Given information:
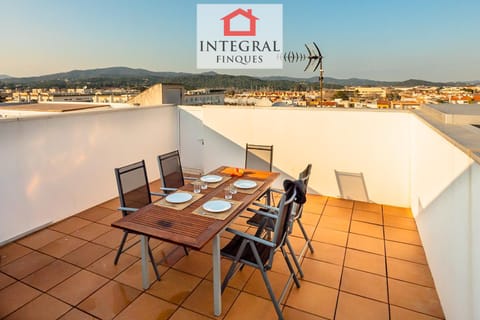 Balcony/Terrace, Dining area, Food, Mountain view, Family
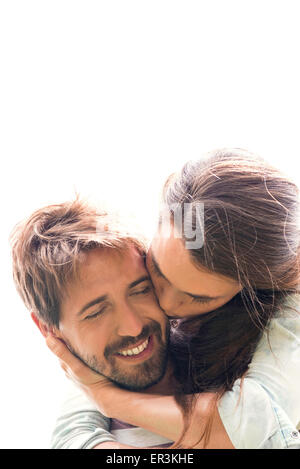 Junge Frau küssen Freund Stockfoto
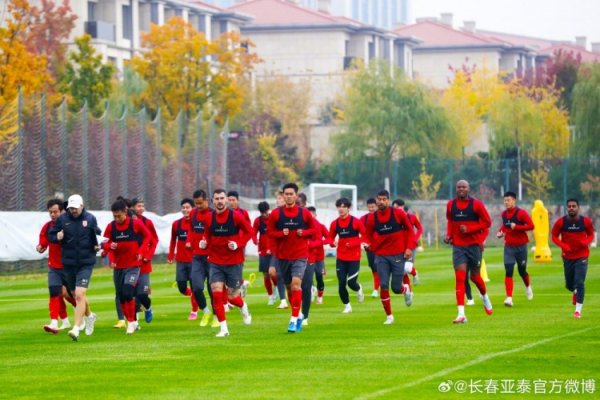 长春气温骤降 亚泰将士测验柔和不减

Exercise:
Leaving the pictures out, output all of the listing exactly.

Written response:
 Balcony/Terrace, Dining area, Food, Mountain view, Family
 Junge Frau küssen Freund Stockfoto
 长春气温骤降 亚泰将士测验柔和不减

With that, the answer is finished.